With February being Black History month and the Caribbean being such a diverse community I am reminded of how important intersectionality is for all of us. We have a responsibility to one another, to advocate, support, and uplift our communities so that we can see the advancement of all of our needs in what can sometimes feel like a very dark world.
It is through celebration and embracing our heritage that we can restore light into our communities - that’s our tipping point. This edition of Story promises to deliver on just that.
Image courtesy of NBC and Bravo
This is a very special issue of Story for me because I had the opportunity to sit down with Brian Benni of Bravo’s hit series, Family Karma! As a self-proclaimed Bravoholic, I can honestly say this interview really delivers. Brian opened up about his passion for championing representation in television, his parents’ love story, the pressure to get married, where he stands with the rest of his Family Karma co-stars and so much more. You don’t want to miss the full length video of our entire conversation as well as our piece, A Conversation with Brian Benni: Bravo's Rising Star Gets Candid On Representation, Finding Love & Family Karma.

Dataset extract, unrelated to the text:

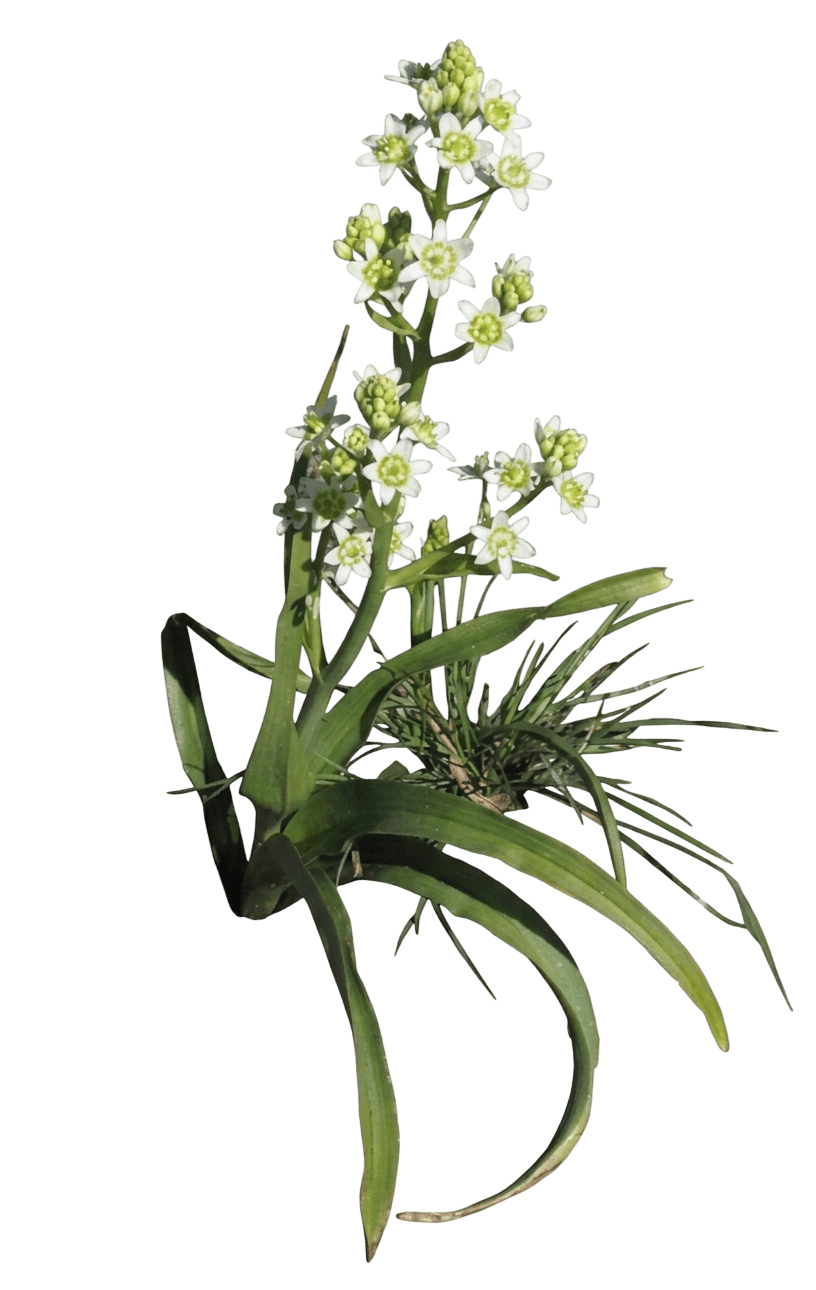 star lily (Toxicoscordion Fremontii) - Perennials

Our editor Rebecca also had the opportunity to sit down with someone special to write Reshmi Chetram on Dance, Family, and Connecting to Culture. Reshmi Chetram, is an Indian classical dance educator and Reflexology practitioner who tells us about how classical dance has taken her on a journey that will forever connect her to our culture and her family. Reshmi was kind enough to share a video with us of her performing a classical Indian dance routine and every second of it is as breathtaking and captivating as she is.
I’m really proud of how our contributors have really opened up to us this month. Like Dev Ramsawakh, who dives deeper into the theme of intersectionality quite candidly in Divide and Conquer: An Ongoing Legacy of Colonialism in the Indo-Caribbean Diaspora. Their lived experiences as a queer and disabled person of colour allow them the unique opportunity to share some eye-opening thoughts on oppression and how we can break the cycle of intergenerational trauma through community. Dev’s writing is groundbreaking and I was honoured to have them collaborate with us.

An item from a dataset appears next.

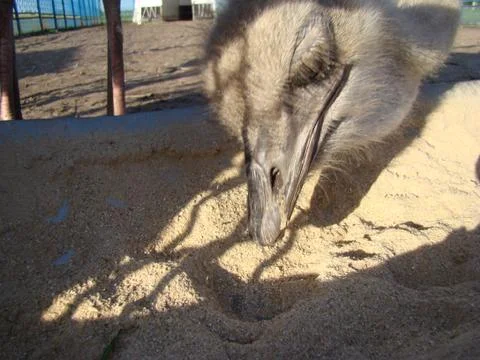 Ostrich Stock Photos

I was in a particularly reflective space this month which prompted me to write Beauty Trends Can Be Problematic: Here Are 6 Brown Girl Friendly Influencers That Actually Look Like Us. It tackles some of my thoughts on how beauty trends like the clean girl aesthetic and the vanilla girl felt really unattainable and discriminatory in nature. I decided to compile a list of brown girl beauty influencers who tackle all kinds of beauty trends with honesty and a little bit of humour. There is a lot of room for us to advocate for more inclusivity in many industries but I also wanted us to celebrate women who are making a name for themselves while also making the space feel a bit more comfortable for all of us.
And finally we come to Ayesha Khan: a Toronto political staffer and one of our Vice Chairs here at Indo-Caribbean Canadian Association. She sat down with Rebecca, where she opens up to us about complicated family dynamics, religion and her impact at ICCA. Ayesha has a huge career ahead of her and her story is one to watch. Read more of our Spotlight on Ayesha: Family, Career and Her Future in Politics.

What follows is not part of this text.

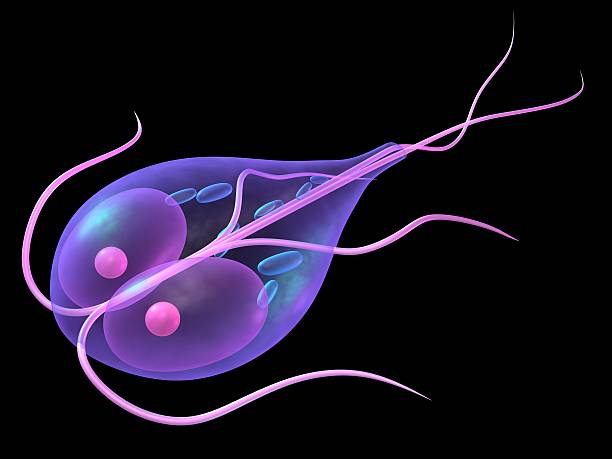 giardia giardia giardia lamblia stock pictures, royalty-free photos & images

What we’ve put together, as a collective and as a team this month is something I am truly in awe of. Thank you to Rebecca and all of our writers and contributors who made this issue so vibrant. I hope that when you read our stories you feel inspired, lighter and more connected to our community.
About the Author
Felicia is the editor in chief of Story, a newsletter by the Indo-Caribbean Canadian Association. She also works in digital marketing with a background in beauty and fashion. She began volunteering with the Indo-Caribbean Association to contribute directly to her community and to learn from other like-minded individuals.